Black Book, recensione

black_book_ver3 []Settembre del ’44, la cantante di origine ebrea Rachel Stern (Clarice Van Houten)  fuggita da Berlino per rifugiarsi in Olanda perde la sua casa e tutto quel che ha a causa di un bombardamento, fuggita nuovamente con la famiglia verso il sud del paese assiste impotente alla sterminio di tutta la sua famiglia per mano di una pattuglia di soldati nazisti, sterminio da cui fortunosamente si salva fuggendo verso l’Aia.

Giunta in città la ragazza cambia identità e in cerca di vendetta si unisce alla resistenza locale. Vista la sua avvenenza e i suoi trascorsi nel mondo dello spettacolo a Rachel, che ora si fa chiamre Ellis, viene affidato il compito di sedurre e spiare un ufficiale nazista, tale Ludwig Muntze (Sebastian Kotch).

Purtroppo tra i due ben presto nasce un sentimento reale, perchè l’uffciale delle SS si rivela alquanto diverso dai gelidi carnefici che militano tra le fila dell’esercito tedesco, e la confusione aumenterà ulteriormente quando Rachel scoprirà che la resistenza olandese per cui sta rischiando la vita è piena di infiltrati al soldo del nemico.

L’olandese Paul Verhoeven è un regista alquanto verstile e dal’impronta visiva molto hollywoodiana e non nel senso peggiore del termine, i suoi film americani dimostrano una ricercatezza visiva notevole e spaziano con disinvoltura tra i generi, vedi le riuscite atmosfere action- cyberpunk di Robocop o la fantascienza anti-militarista di Starship troopers, senza dimenticare la caduta di stile del pruriginoso thriller Basic istinct o il colossale flop Showgirls.

Il regista torna in patria e sforna un partecipato affresco storico utilizzando i canoni del thriller a lui molto congeniali, esplora una pagina nera della seconda guerra mondiale cercando un difficile equilibrio tra la veste autoriale di taglio europeo e l’intrattenimento puro, sfornando un ibrido che comunque funziona anche se alla fine non convince del tutto.

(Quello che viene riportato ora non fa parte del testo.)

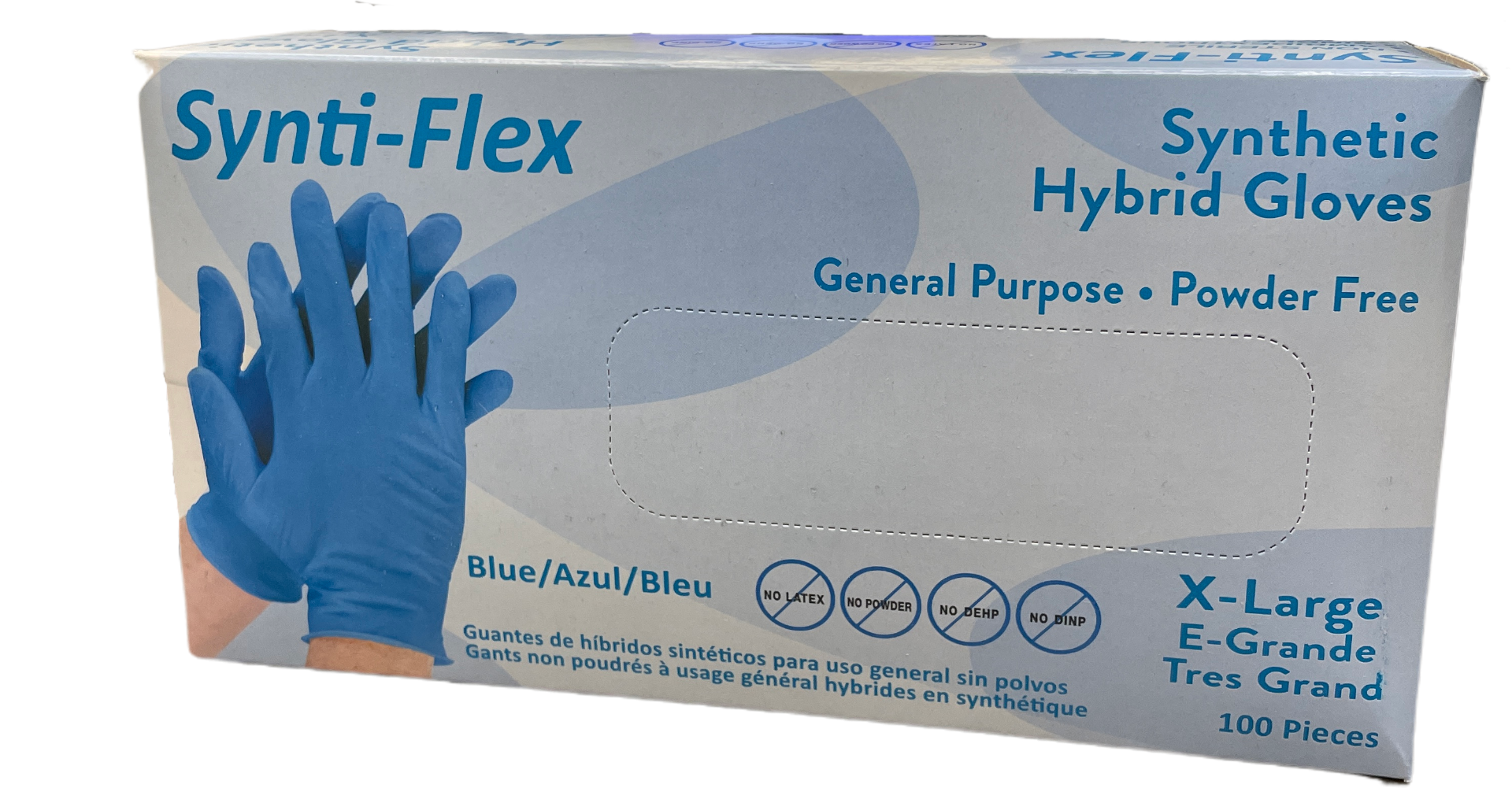 SYNTI-FLEX DISP GLOVES MD 100PK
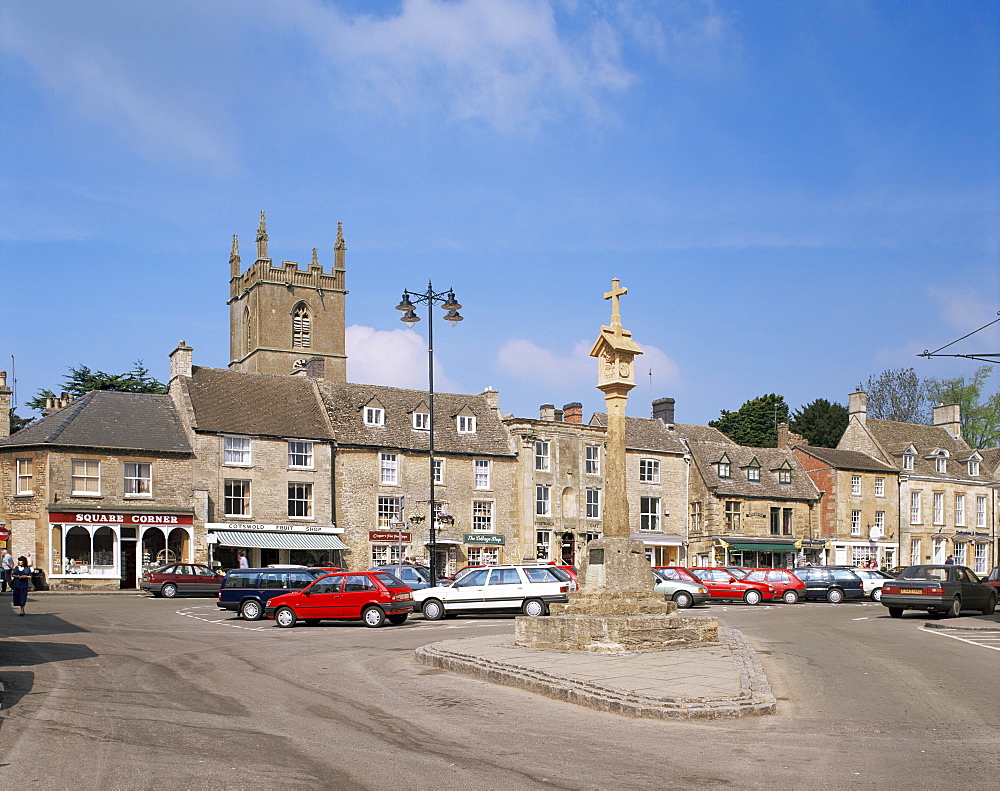 Market Square, Stow-on-the-Wold, Gloucestershire, The Cotswolds, England, United Kingdom, Europe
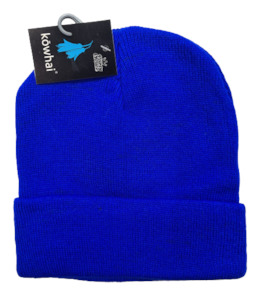 Beanie Acrylic Blue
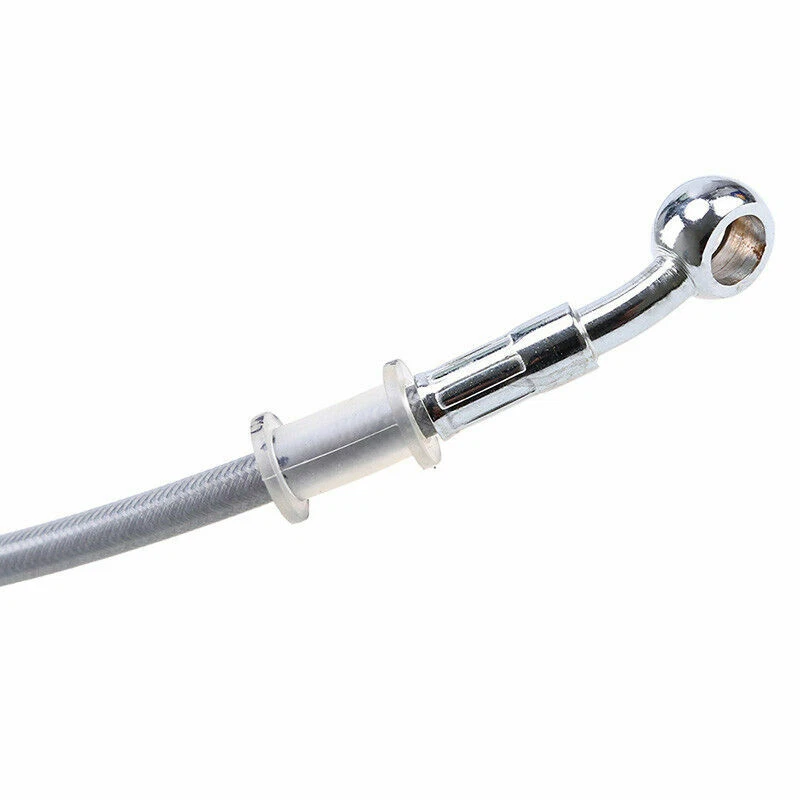 Manguera de aceite de embrague de freno trenzado para motocicleta 200 cm línea inoxidable tubo banjo DOT Foto 4 de 4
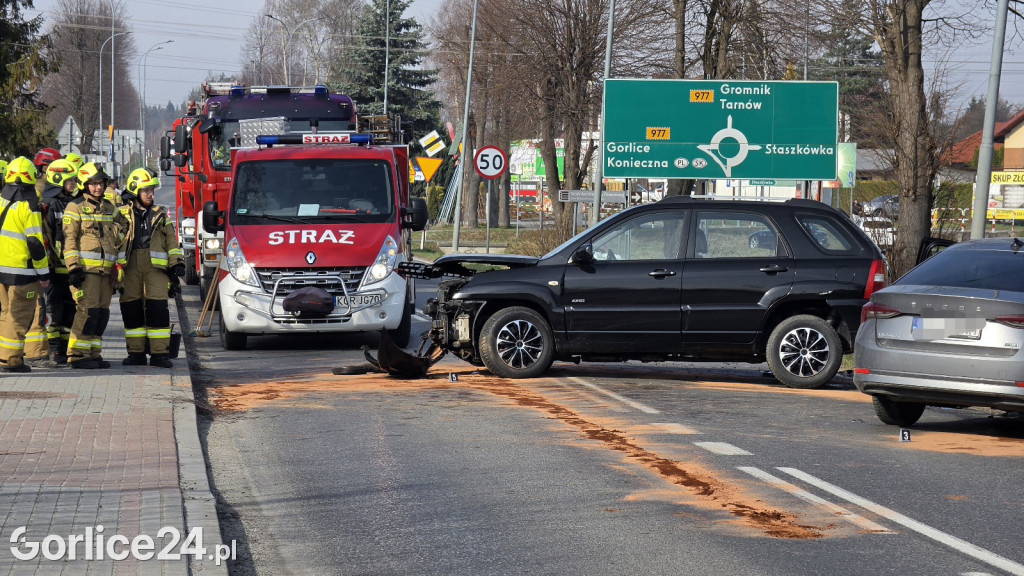 Wypadek w Moszczenicy (25.03)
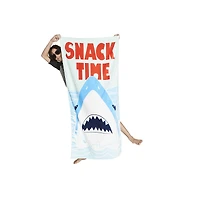snack Time' Shark Beach Towel 30in x 60in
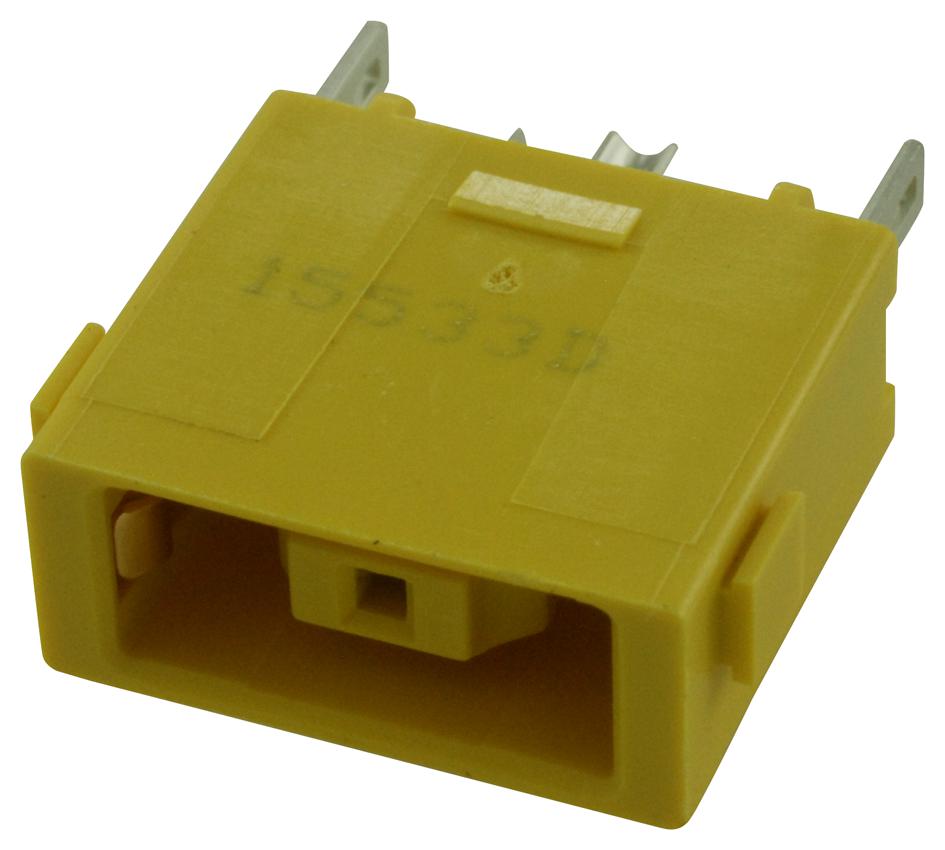 1-2129333-1 DC POWER JACK, 7A, 25VDC, YELLOW TE CONNECTIVITY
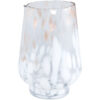 Windlicht glas wit goud
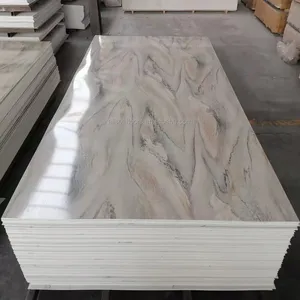 Pannello di parete di marmo del pvc dello strato di marmo del pvc del marmo del faux del pvc dello strato di vendita caldo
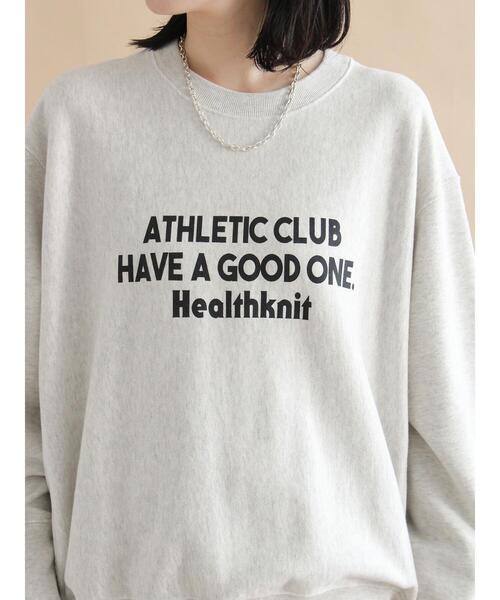 sm2rhythm（サマンサモスモスリズム）の「【Healthknit】ロゴクルーネックプルオーバー（Tシャツ/カットソー・レディース・ボルドー/ブラック/トップグレー・F）」の4枚目の写真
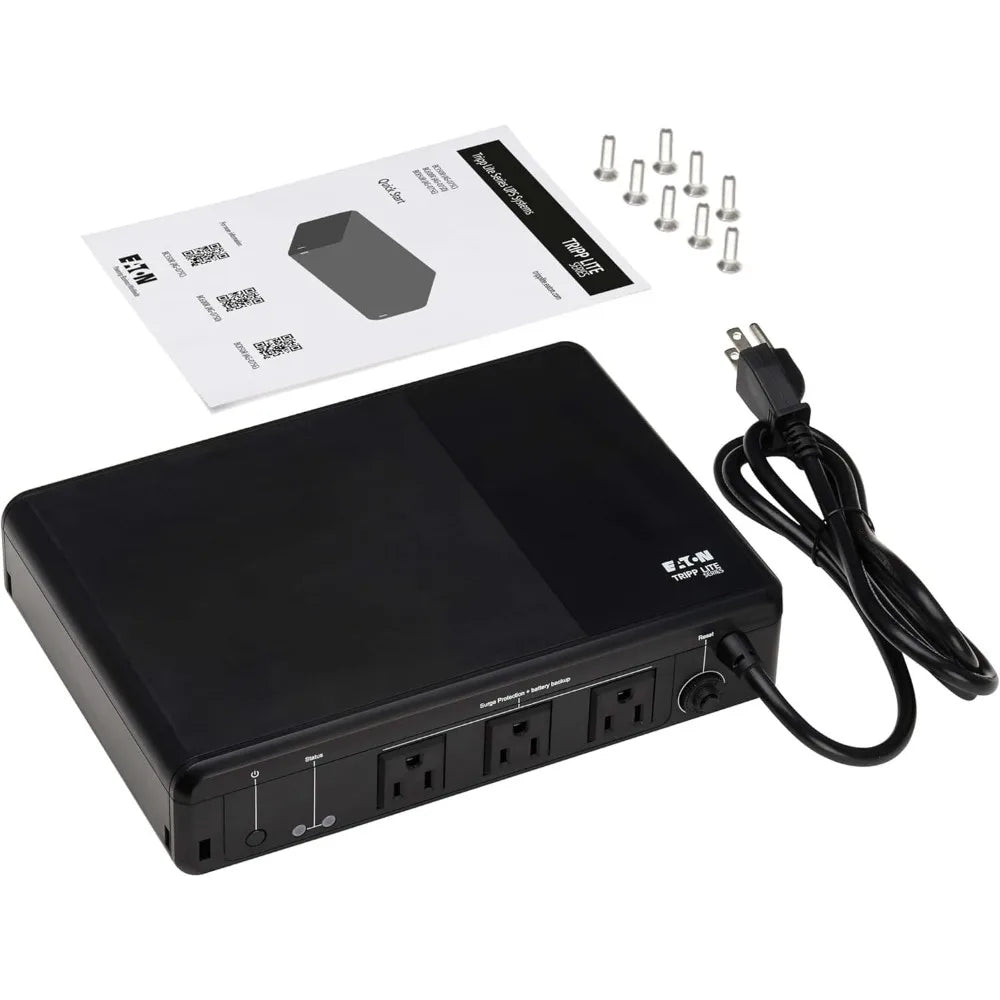350VA UPS Battery Backup with 3 Outlets – Wall Mountable
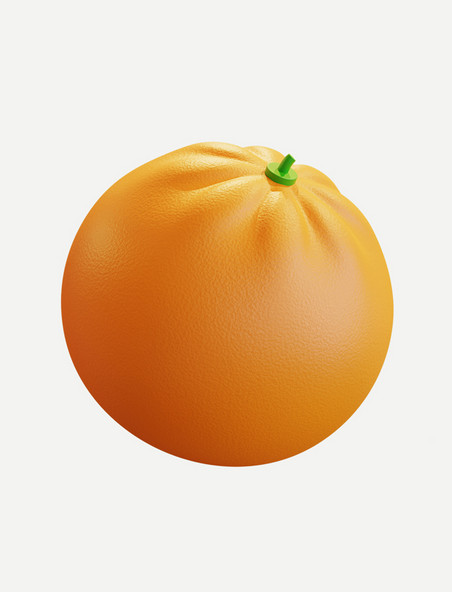 3DC4D立体水果橙子橘子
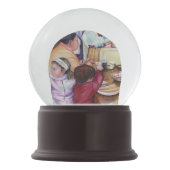 Pleasant Picnic, Mexiko Schneekugel (Rückseite)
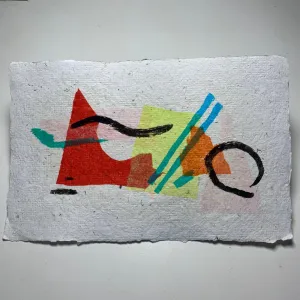Original Ink and tissue drawings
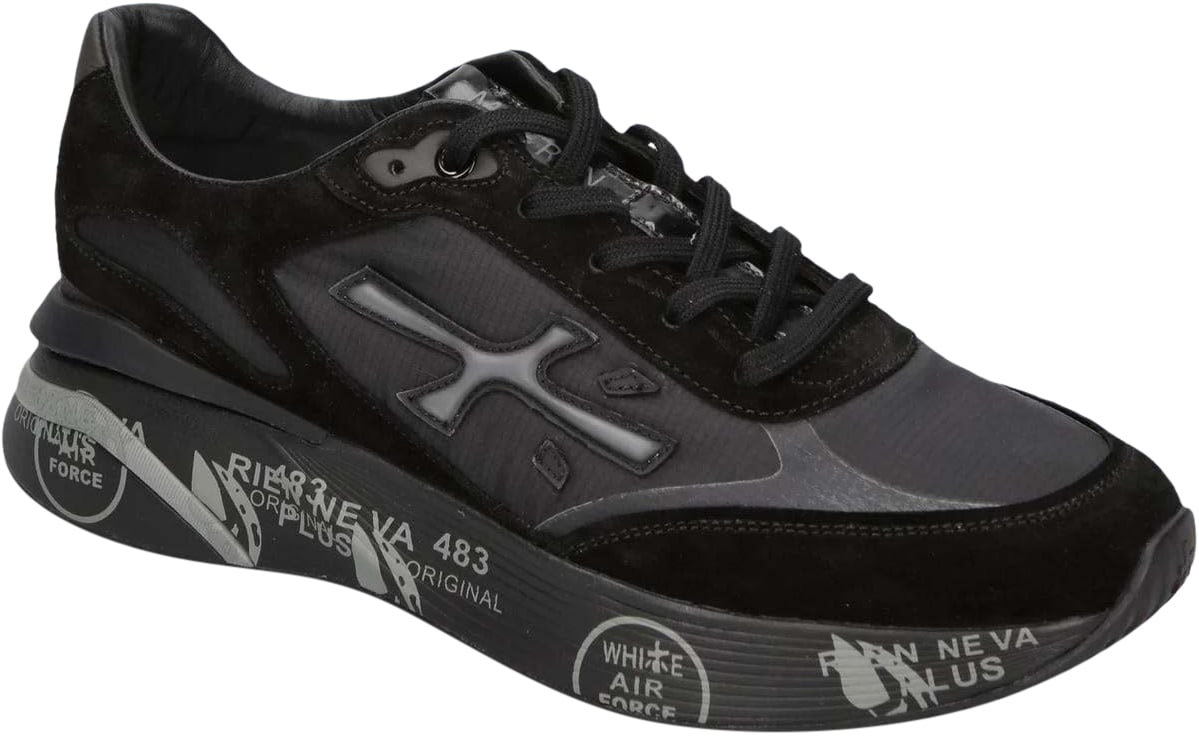 Premiata Heren Moerun Sneaker Zwart Zwart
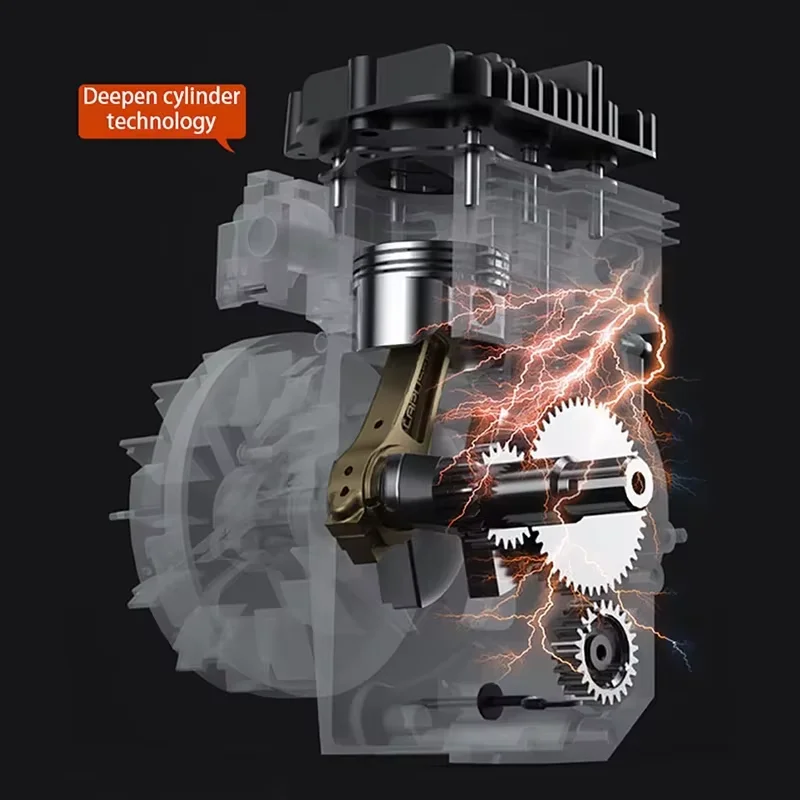 Gasoline Engine Portable Gasoline Motor 4-Stroke Petrol Engine Replacement Engine for Brush Cutter & Grass Trimmer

In Black Book ci sono tutti i difetti tipici, ma anche i pregi di un regista che ha assorbito ritmi e compromessi del cinema mainstream, aggiungiamoci anche un tema, quello della seconda guerra mondiale, difficile da maneggiare e Verhoeven ne esce comunque a testa alta, dando vita ad una pellicola che non diapiacerà al grande pubblico e accontenterà in parte, anche chi cerca un cinema che regali qualche cosa in più del mero intrattenimento.

Sorvoliamo sulle accuse di revisionismo di cui è stato oggetto il regista perchè provengono sicuramente dagli stessi che hanno definito Starship troopers un film fascistoide non cogliendone minimamente ironia e sottigliezza, per il resto se cercate un buon thriller ambientato durante la seconda guerra mondiale e già avete visto Operazione Valchiria, Black Book è un degno rappersentante del genere.